Although this study showed that the smaller radiolabeled antibody fragments displayed rapid CAIX targeting when compared to IHC they also showed a much lower absolute uptake compared to the IgG and a very high renal uptake. In terms of reliably reporting CAIX expression, the later images obtained with the intact IgG were comparable to early images with Fab and F(ab')2 forms of cG250, and there was a much higher tumor/non tumor contrast which would result in much shorter imaging times. Interestingly the control studies with 3S193 (anti-Lewis-Y) and J591 (anti-PSMA) antibodies at 7 days post injection showed that, apart from some activity in well perfused tumor regions, the highest uptake was observed in areas furthest away from regions of elevated CAIX expression. This likely reflects a combination of non-specific tracer uptake and physical barriers of diffusion into the poorly-perfused, CAIX-expressing tumor regions, rather than an antigen-related distribution. Together, this indicates that the smaller fragments are unlikely to have any additional benefits for the imaging of CAIX with 124I-cG250.

This work also demonstrates the application of pixel by pixel correlation for the objective analysis of microscopic tumor antigen targeting. Since all these four images were extracted from the same tumor section, there was a simple and accurate coregistration of all four data sets. The heterogeneous expression of the endogenous CAIX antigen within the single tumor section also serves as a positive and negative control for the in vivo targeted radiolabeled antibodies. The use of the perfusion marker also allows for the measurement of the rates of migration of the radiolabeled antibody into non pefused and CAIX rich regions of the tumor.

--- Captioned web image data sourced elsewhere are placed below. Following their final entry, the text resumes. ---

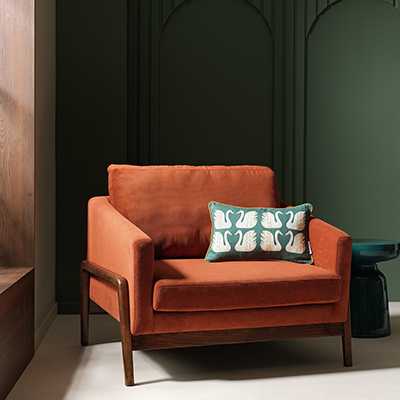 Habitat x Scion Esala Fabric Armchair in brown colour with a green cushion on it.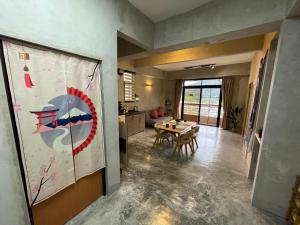 a kitchen and a dining room with a table at Genting View Resort Duplex Penthouse 5R4B 17pax by Jen.dehome in Genting Highlands +47 photos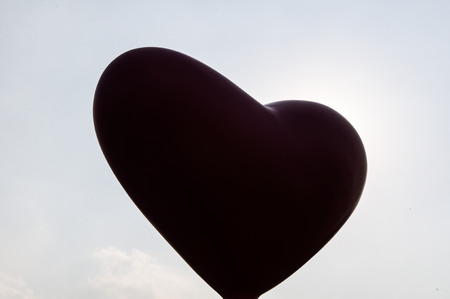 Silhouette of heart shape against blue skyの写真素材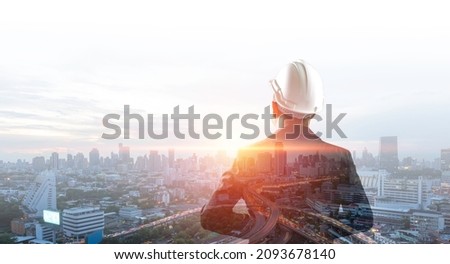 Double exposure image, Man engineer overlay with building architecture urban cityscape. Creation city and communication concept.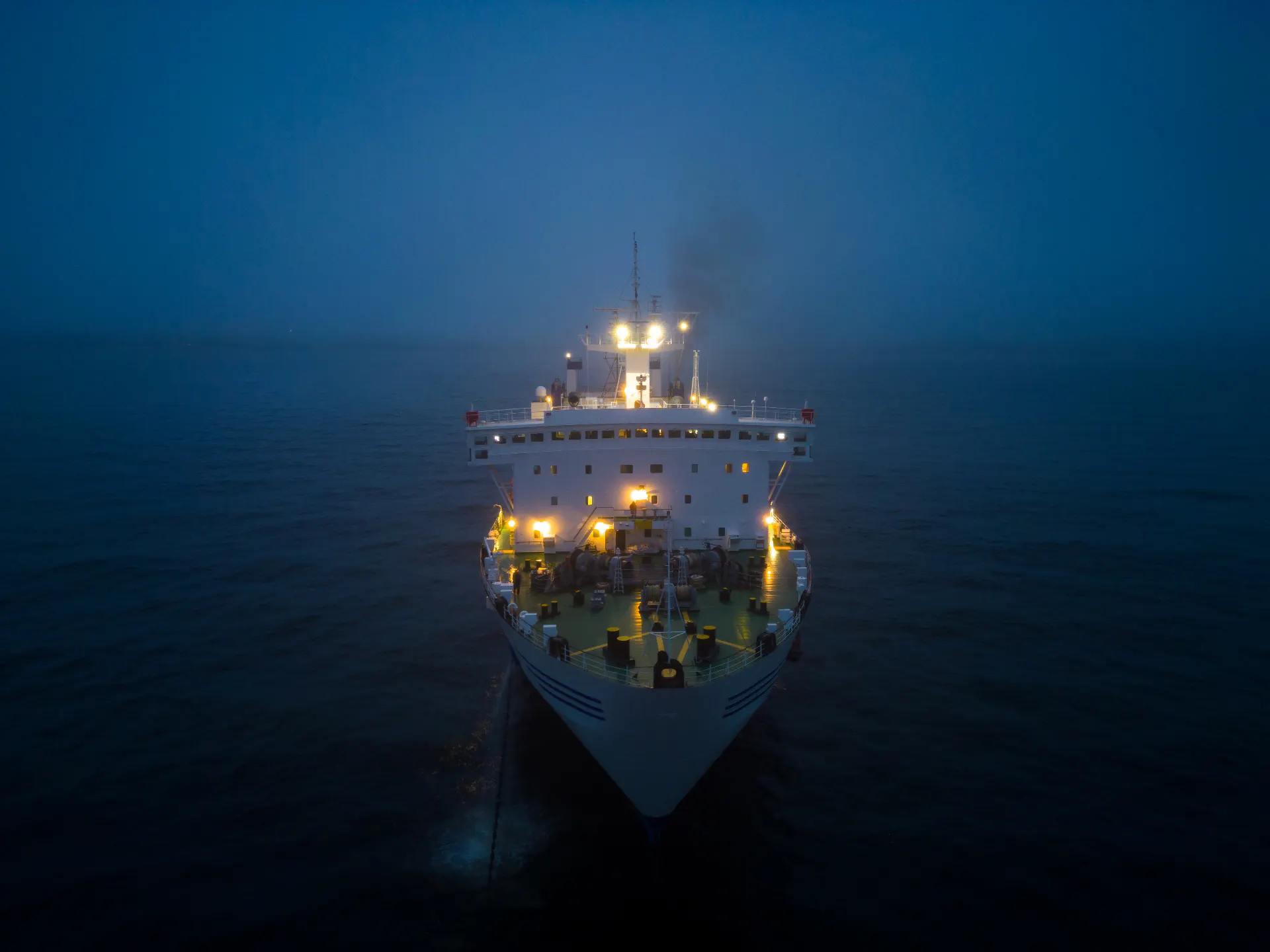 A ferry under way through fog, seen from above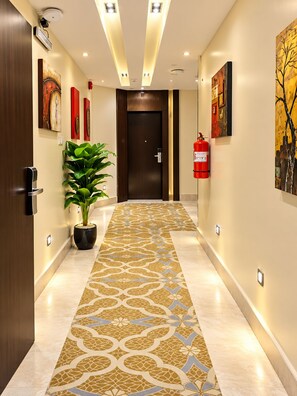 A hotel corridor with a patterned carpet, wall-mounted artwork, a potted plant, a fire extinguisher, and a door with a keypad lock.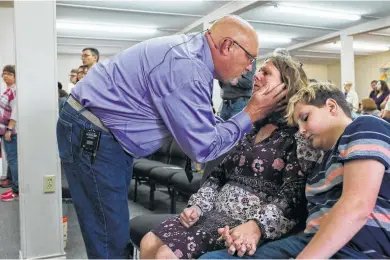  ?? Photos by Lisa Krantz / Staff photograph­er ?? Pastor Frank Pomeroy comforts his wife, Sherri, on what would have been their daughter Annabelle’s 15th birthday.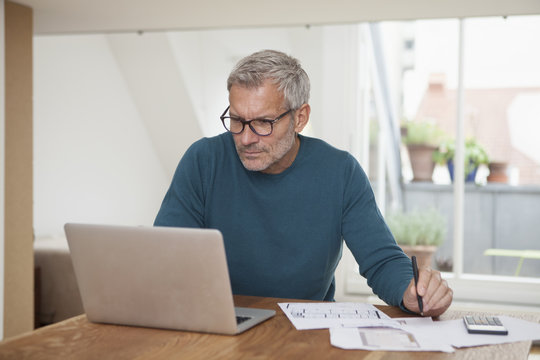Mature man at home using laptop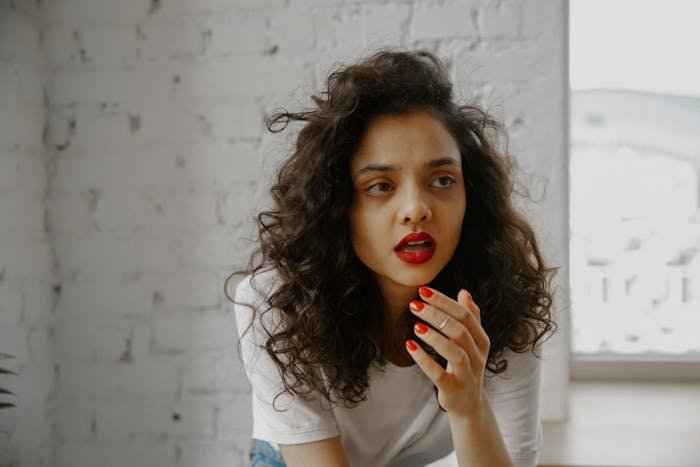 Young woman with curly hair and red lipstick looking uncertain, reflecting on affair partner's baby and complex family ties.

This study demonstrates that intact cG250 IgG can properly report CAIX expression in hypoxic tumors at late imaging time points. The Fab and F(ab')2 fragments are capable of targeting CAIX in hypoxic regions at shorter time periods post-injection, but this comes at the cost of reduced absolute uptake and severely reduced tumor to muscle ratios. Since 124I-cG250 is in the late stages clinical development, it should serve as a powerful tool to allow for quantitative non-invasive evaluation of CAIX expression in a range of solid tumor types with hypoxia-regulated CAIX expression.

Materials and Methods


The monoclonal antibody cG250 was supplied by the Ludwig Institute for Cancer Research Center (New York, NY). Reagents for generating antibody fragments were from Pierce (Rockfield, IL). All radionuclides were from MDS Nordion (Ottawa, ON Canada). Pimonidazone and FITC-Mab1 were from Hypoxyprobe (Burlington, MA). Alexa-Fluor 569 goat anti human antibody was from Nitrogen (Carlsbad, CA). Hoechst 33342 and all other chemicals were from Sigma-Aldrich (St. Louis, MO). The renal cell carcinoma cell line SKRC38, which has a high endogenous expression of CAIX, was used for in vitro studies and was supplied by Ludwig Institute for Cancer Research (New York, NY). The colorectal adenocarcinoma cell line HT29, which expresses CAIX in vivo, was used for animal studies and was supplied by American Type Culture Collection (Manassas, VA). The CAIX expression of both cells lines were validated during the course of this study.

Cell culture

SKRC38 cells were grown in RPMI media supplemented with, 1% glutamine, 50 units/ml penicillin, 50 units/ml streptomycin, and 10% heat-inactivated fetal bovine serum and colon HT29 cells were grown in RMPI media supplemented with, 50 units/ml penicillin, 50 units/ml streptomycin, and 10% heat-inactivated fetal bovine serum at a temperature of 37°C in an environment containing 5% CO2.

Generation of Fragments

The antibody cG250 was digested in 20 mM sodium acetate buffer (pH 4.5) with pepsin immobilized on agarose beads to yield F(ab')2 fragments [34]. The antibody cG250 was also digested in 20 mM sodium phosphate buffer/10 mM EDTA (pH 7.0) with papain immobilized on agarose beads to yield Fab fragments [34]. The fragment reaction mixtures were partially purified and the buffer exchanged to 10 mM Tris (pH 7.5) using ultrafiltration with a 30 kDa cut off membrane followed by purification with a protein A column to remove undigested IgG and Fc fragments. Final purification of the fragments was performed with a Superdex 200 size exclusion column and an eluant of 50 mM sodium phosphate (pH 7.2). The generated Fab and F(ab')2 fragments were labeled with 131I using iodogen [35] up to specific activities of 40–120 MBq/mg. They were then purified with size exclusion chromatography with Sephadex G50 and an eluant of PBS with 1% BSA. Radiochemical purity was assessed with ITLC using silica gel impregnated glass fiber strips and an eluant of 5% TFA. The immunoreactivity was determined by the method of Lindmo [36] using SKRC28 cells and saturation binding studies were performed with SKRC38 human renal cancer cells and cell membranes derived from HT29 human colon cancer xenografts [37].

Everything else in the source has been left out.